Healthy tuna fish sandwich

I won’t lie to you.


I. love. Canned. Tuna. Fish…With mayo. It’s one of those comfort foods from my childhood…canned tuna (with mayo) on warm toast. As a kid, I HATED when my mother would sneak icky celery, scallions or - heaven forbid - onion in it. I just wanted it plain. With mayo. Did I mention the mayo?


Well, I’ve since grown up to have a more mature palate (perhaps ;) and am aware that slathering mayo on toast probably isn’t the healthiest lunch. And I know the science behind all the heart healthy omega three fatty acids in tuna and why fatty fish should be added to your weekly routine at least twice. (Click here to read my easy guide to cooking fish) So, I’ve come up with a few quick and easy healthy canned tuna recipe ideas to integrate in my family’s routine.


Canned tuna is also a great backup pantry item. It’s always there, just waiting to be opened when you’ve run out of other ideas. If I don’t make a lunch for my husband, he buys lunch out every day. He works in an area with a great selection of restaurants, so I can’t blame him, but this can easily add up to $50.00 per week. Absurd.

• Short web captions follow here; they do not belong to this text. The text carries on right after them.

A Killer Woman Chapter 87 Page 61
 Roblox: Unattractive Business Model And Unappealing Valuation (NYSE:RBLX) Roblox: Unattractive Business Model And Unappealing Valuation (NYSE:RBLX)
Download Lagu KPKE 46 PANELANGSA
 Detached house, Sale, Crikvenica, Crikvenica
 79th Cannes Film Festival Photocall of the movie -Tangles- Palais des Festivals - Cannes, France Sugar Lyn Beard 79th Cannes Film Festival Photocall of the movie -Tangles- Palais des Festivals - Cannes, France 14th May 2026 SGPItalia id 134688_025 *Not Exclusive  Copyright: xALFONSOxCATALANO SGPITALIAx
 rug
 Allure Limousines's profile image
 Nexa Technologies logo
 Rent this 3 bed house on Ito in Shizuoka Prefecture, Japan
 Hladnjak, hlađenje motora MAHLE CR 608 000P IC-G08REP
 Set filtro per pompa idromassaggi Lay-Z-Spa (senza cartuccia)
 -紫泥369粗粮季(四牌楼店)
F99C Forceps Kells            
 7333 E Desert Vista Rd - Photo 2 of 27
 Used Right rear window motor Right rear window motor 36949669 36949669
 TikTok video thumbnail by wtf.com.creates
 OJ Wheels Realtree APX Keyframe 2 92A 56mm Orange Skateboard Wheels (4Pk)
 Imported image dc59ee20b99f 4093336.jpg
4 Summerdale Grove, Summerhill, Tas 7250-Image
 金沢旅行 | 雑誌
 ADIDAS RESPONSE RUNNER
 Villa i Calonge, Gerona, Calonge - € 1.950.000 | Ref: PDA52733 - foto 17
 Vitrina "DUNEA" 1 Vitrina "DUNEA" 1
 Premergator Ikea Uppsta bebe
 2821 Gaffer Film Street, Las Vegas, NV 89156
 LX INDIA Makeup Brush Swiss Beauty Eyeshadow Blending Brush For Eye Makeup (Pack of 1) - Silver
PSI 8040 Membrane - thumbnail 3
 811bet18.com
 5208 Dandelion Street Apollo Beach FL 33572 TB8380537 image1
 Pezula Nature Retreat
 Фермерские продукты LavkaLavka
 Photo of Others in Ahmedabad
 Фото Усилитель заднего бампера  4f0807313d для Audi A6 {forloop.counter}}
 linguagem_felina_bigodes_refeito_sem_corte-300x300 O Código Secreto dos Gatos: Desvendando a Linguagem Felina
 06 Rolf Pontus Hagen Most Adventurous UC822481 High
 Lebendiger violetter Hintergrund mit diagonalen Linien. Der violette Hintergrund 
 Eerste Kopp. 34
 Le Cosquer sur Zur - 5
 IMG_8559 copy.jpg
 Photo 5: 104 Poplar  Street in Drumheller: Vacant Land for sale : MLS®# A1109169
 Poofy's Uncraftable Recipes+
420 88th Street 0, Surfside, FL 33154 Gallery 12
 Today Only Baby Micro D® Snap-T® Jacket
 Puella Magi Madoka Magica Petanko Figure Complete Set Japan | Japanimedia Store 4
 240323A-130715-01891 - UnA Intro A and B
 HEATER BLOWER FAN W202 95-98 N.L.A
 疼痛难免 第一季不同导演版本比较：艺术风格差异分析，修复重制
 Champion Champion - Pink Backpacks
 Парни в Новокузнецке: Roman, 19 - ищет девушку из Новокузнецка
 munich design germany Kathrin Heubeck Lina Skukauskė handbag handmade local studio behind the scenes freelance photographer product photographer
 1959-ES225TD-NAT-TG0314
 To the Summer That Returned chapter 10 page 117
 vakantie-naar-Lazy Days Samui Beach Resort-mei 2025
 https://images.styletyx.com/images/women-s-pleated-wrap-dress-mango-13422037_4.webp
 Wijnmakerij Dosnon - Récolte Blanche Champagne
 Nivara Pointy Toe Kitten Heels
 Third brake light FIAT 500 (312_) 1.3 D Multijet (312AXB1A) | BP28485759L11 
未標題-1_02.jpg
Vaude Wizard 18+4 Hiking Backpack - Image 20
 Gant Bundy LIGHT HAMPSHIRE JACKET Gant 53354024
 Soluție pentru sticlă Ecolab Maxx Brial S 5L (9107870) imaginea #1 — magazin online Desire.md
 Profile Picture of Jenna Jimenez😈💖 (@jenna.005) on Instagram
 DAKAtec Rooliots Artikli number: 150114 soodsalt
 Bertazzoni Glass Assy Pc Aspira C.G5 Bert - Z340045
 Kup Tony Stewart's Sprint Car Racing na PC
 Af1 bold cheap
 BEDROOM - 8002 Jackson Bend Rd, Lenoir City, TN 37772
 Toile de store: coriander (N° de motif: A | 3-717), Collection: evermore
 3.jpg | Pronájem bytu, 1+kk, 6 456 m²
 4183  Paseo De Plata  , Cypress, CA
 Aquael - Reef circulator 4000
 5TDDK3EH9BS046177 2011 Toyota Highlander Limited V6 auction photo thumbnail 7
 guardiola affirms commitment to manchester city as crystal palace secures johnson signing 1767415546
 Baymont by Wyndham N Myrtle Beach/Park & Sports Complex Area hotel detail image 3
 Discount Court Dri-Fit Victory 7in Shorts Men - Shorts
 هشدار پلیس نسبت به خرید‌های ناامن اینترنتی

Even if I can whip up a couple quick lunches each week, it’ll save quite a bit of money. (In case you’re worried about mercury in tuna, read my article on how much fish you (and little kiddos) should, and can, eat safely.) Canned tuna (or other fish) has always made a healthy, quick lunch. (And still does.)


These 5 variations of a quick and healthy tuna salad recipe should keep the boredom down and the omega 3’s up!


Mix 1 or more cans of solid white tuna with a little mayo, or a little extra virgin olive oil, and enjoy experimenting!


5 Simple Tuna Fish Recipes

Simple, Easy and Healthy Canned Tuna Recipes


1. Fresh, thyme, chopped celery, shredded carrots, chopped scallions

2. Black olives, capers, grated red onion, celery, garlic

3. Dijon mustard, halved cherry tomatoes, chopped cucumber

4. Italian tuna (packed in oil), fresh lemon juice, chopped fresh parsley

5. Chopped avocado + halved cherry tomatoes


What's your favorite healthy way to make tuna?